Wie gelange ich zu dem Modell? Inwiefern vereinfacht es das Original? Welche Fragen an das Original legt es nahe? Inwieweit werden meine Fragen nun vom Modell bestimmt? Für Adès’ Stück wirkt Brahms’ 4. Symphonie wie ein Filter. Doch es gibt einen weiteren Filter, den das klangliche Material des Stücks passieren muss: den Text, der zu singen ist, und das Wissen um dessen Herkunft. Adès hat sein Stück Alfred Brendel zum 70. Geburtstag gewidmet; Brahms für Bariton solo und Orchester basiert auf einem Gedicht Brendels:
Wenn nachts das Gespenst erscheint
und sich ums Klavier herumtreibt
dann wissen wir
Brahms ist gekommen
Das wäre nicht weiter schlimm
wenn nicht dieser Zigarrengeruch
das Musikzimmer tagelang verpesten würde
schlimmer noch
ist allerdings sein Klavierspiel
Dieses Gewühl durch Akkorde und Doppeloktaven
weckt sogar die Kinder aus ihrem Tiefschlaf
Schon wieder Brahms
heulen sie
und halten sich die Ohren zu
Verstimmt und rauchend
steht der Flügel da
wenn Brahms sich erhebt
Brahms
sagt er mehrmals
mit klagender Tenorstimme
bevor er verschwindet[3]
Nun, die Orchesterbesetzung enthält kein Klavier. Das Orchester ist im Sinne Brahms’ normal besetzt, es gleicht dem seiner 4. Symphonie. Über gewisse Erweiterungen des klassischen Standardorchesters, wie sie auch schon beim späteren Beethoven vorkommen – das zweite Hornpaar, das Posaunentrio, das Kontrafagott, Piccoloflöte und Triangel –, geht Adès lediglich mit der Erweiterung der Schlagwerks um einen Amboss und metallene Backtröge hinaus. Doch ist charakteristisch und nicht mehr neutral – denn Adès verschärft hier gewisse Züge der Instrumentenverwendung Brahms’ –, dass der Einsatz der Nebeninstrumente multipliziert wird und diese schließlich ihre Hauptinstrumente verdrängen. Statt des einen Kontrafagotts, das sich den zwei üblichen Fagotten hinzugesellt, haben wir am Ende drei Kontrafagotte, aber kein normales Fagott mehr, statt der einen Piccoloflöte, die neben die große tritt, hören wir am Ende zweimal Piccolo und keine große Flöte mehr. Und so, in dieser Polarisierung des Klangs, endet das Stück. Das Auseinanderdriften der Register am Schluss, die Präferenz des unsaubereren Tons der Nebeninstrumente bildet natürlich ab, wie verstimmt das Klavier nach dem Tastengewühl ist. Auch der Umgang mit den Instrumenten ist anders als bei Brahms, besonders an das Blech werden viel höhere spieltechnische Anforderungen gestellt. Es wird in der Tiefe über das hinaus gefordert, was ihm naturgemäß leicht fällt. Überhaupt sind die tiefen Regionen extrem hervorgekehrt. Und natürlich schreibt Adès für die Hörner nicht mehr wie Brahms: als seien sie eigentlich Naturinstrumente. War es nicht, als wollte Brahms das Orchester klingen lassen wie ein Klaviertrio, das in einem Etablissement in der Großen Freiheit Nummer Soundso aufspielt, mit zu viel Tiefe, mit zu viel Höhe, schrill und dumpf in einem, mit ausgesparter Mitte und ohne verschmelzenden Klang? Und so hat Adès den Kneipenklaviertrioklang von Brahms’ Orchester genutzt, um dem Klavierspieler Brendel zu huldigen.
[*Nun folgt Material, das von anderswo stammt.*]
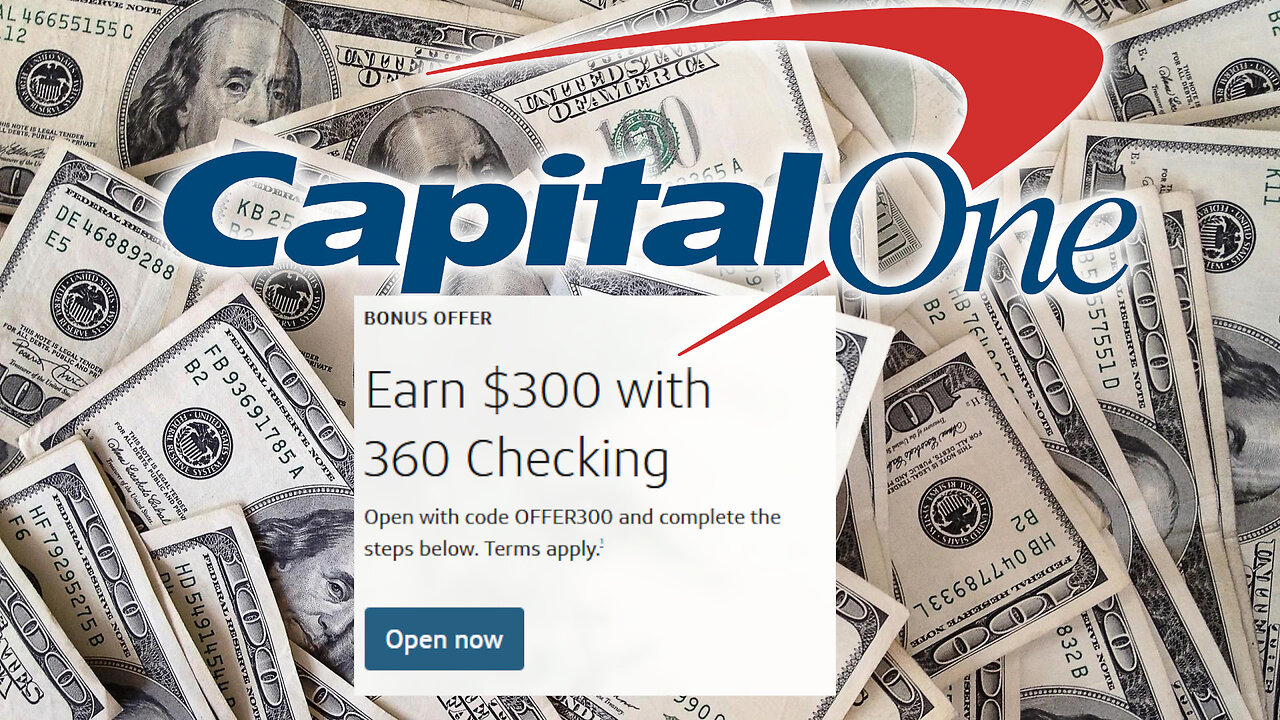Who wants to Join me in STEALING $300 from Capital One?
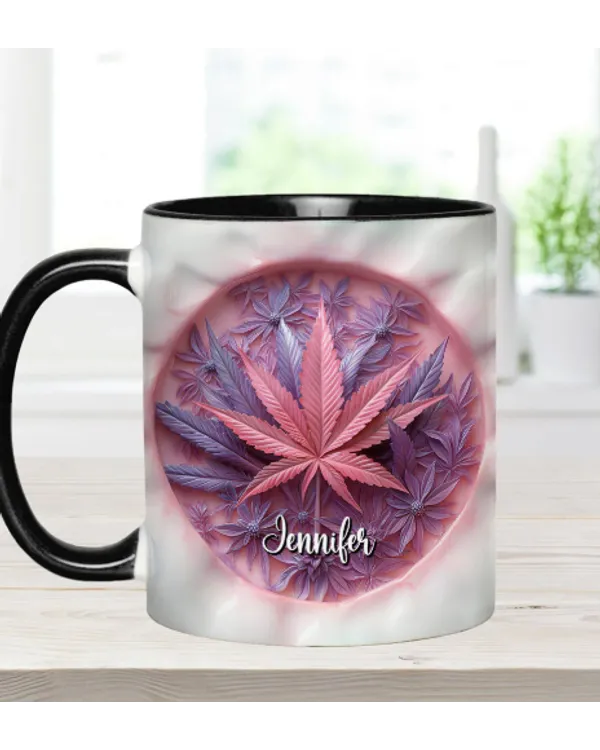 High Life - Personalized Weed Accent Mug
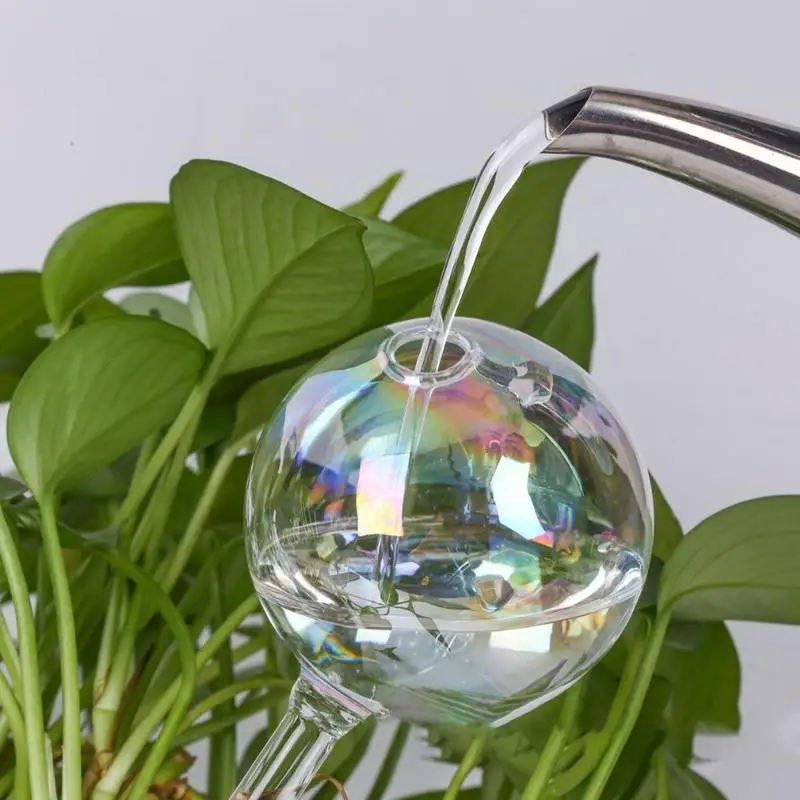 Automatic Plant Watering Bulbs Rainbow Gradient Color Glass Watering Bulbs Automatic Clear Self Watering Planter Irrigation tool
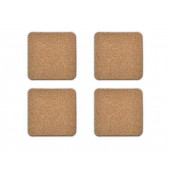 ZNT100BL AHŞAP BARDAK ALTLIĞI 4 ADET ÇİÇEK DESEN 9x9cm - 3
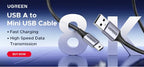 Ugreen Micro USB Cable 2A Nylon Fast Charging USB Cable for Samsung Xiaomi HTC USB Charger Data Cable Mobile Phone Cable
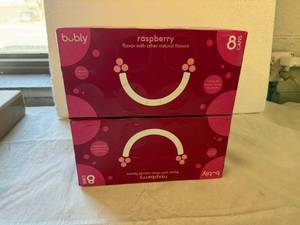 lot 111 image: 4x 8pk Bubly-Raspberry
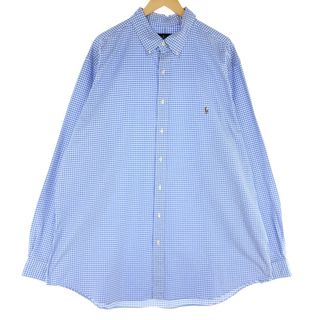 ラルフローレン(Ralph Lauren)の古着 ラルフローレン RALPH LAUREN 長袖 ボタンダウンチェックシャツ メンズXXL /eaa454274(シャツ)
Beispiel 1: Thomas Adès, Brahms, T. 1–8
Ein Gespinst von Dezimenparallelen, mit instrumentalen Resten primär von den Holzbläsern gespielt. Streicher färben bloß einzelne kürzere Abschnitte der Terzenketten und heben durch Flageoletts oder liegenbleibende Töne Einzelheiten der Terzenkette heraus, z.B. die Anfangstöne der Ketten h3 und a3 (je zu Beginn der Takte 1 und 2).
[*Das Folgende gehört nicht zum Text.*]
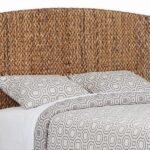 LAUGHTON WOVEN BANANA LEAF EASTERN KING HEADBOARD AMBER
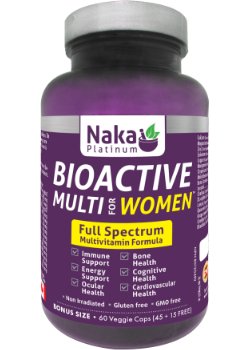 Naka Platinum Bioactive Multi for Women (60 | 120 vcaps)
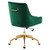 Discern Performance Velvet Office Chair EEI-5079-GRN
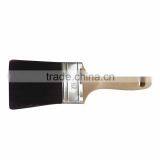 75mm Paint Brush Frosted Stainless Steel Ferrule Maple Handle thumbnail-1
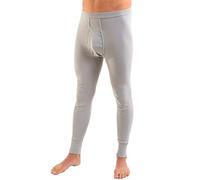 HERMKO 3540 caleçons Longs pour Homme Long Johns (Autres Couleurs), en 100% Coton Biologique, Taille:7 (XXXL), Couleur:Gris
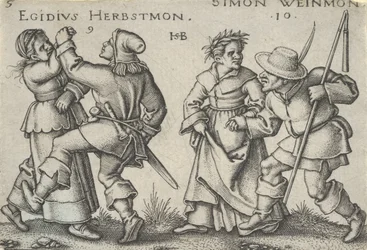 September und Oktober, aus Das Fest der Bauern oder die zwölf Monate, 1546-47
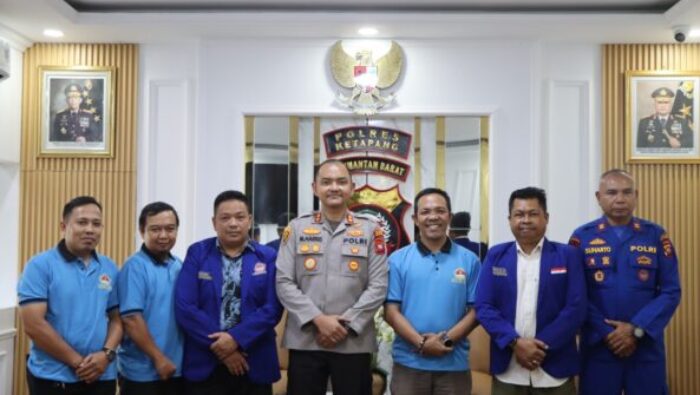 Kapolres Ketapang Terima Audiensi HNSI Ketapang, Perkuat Sinergi Jaga Keamanan Wilayah Perairan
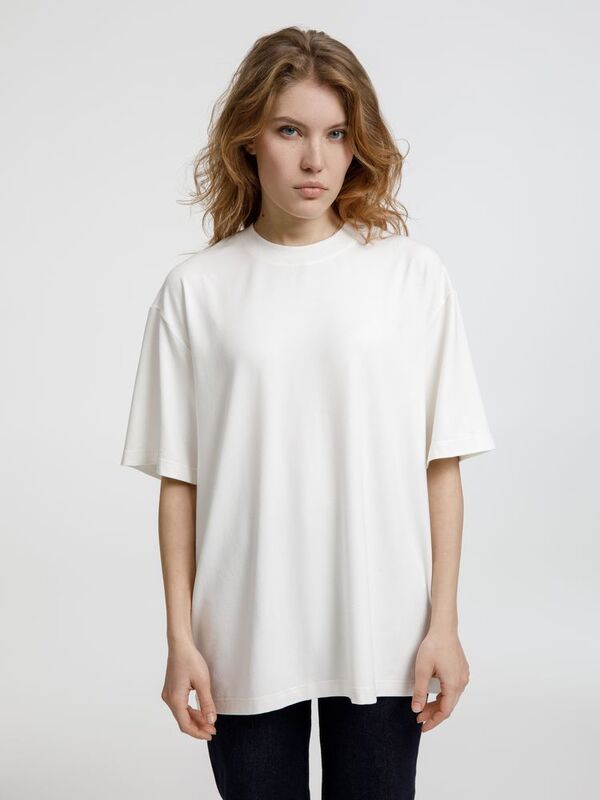 Футболка оверсайз унисекс Lavinia, белая арт.19416.60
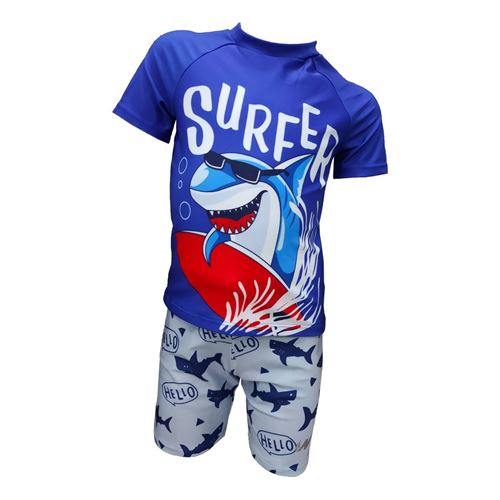 Picture of SURFER SHARK KID SS-2PCS BLUE
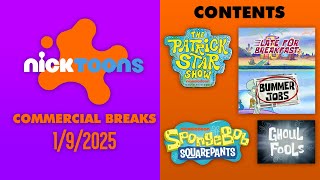 Commercials || Nicktoons || January 9, 2025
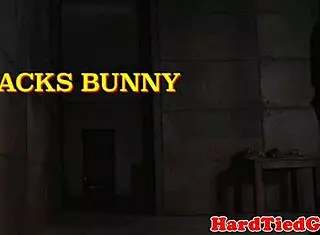 i'm bound and dominated by my black dom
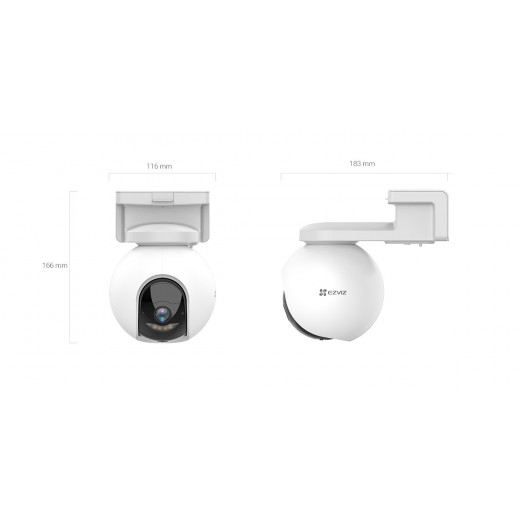 Ezviz Battery-Powered Pan & Tilt Wi-Fi Camera 2K+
Die eine, höher gelegene Terzenkette besteht, wie das Modell schon verriet, zunächst ausschließlich aus Tönen der C-Dur-Skala, die andere aus Tönen, die zu den C-Dur-Tönen immer eine Dezime bilden und die zuerst dem Vorrat von A-Dur, dann dem von Es-Dur zugerechnet werden können. Derjenige Vorrat, welcher den der drei Tonvorräte symmetrisch ergänzte und nach dessen Vorhandensein mich das Modell fragen lässt (das insofern eine erkenntnisleitende Aufgabe übernimmt), der Fis-Dur-Vorrat, fehlt hier noch. Fast ist es, als würde Brahms nur bearbeitet, als arbeitete sich Adès an ihm als Modell ab.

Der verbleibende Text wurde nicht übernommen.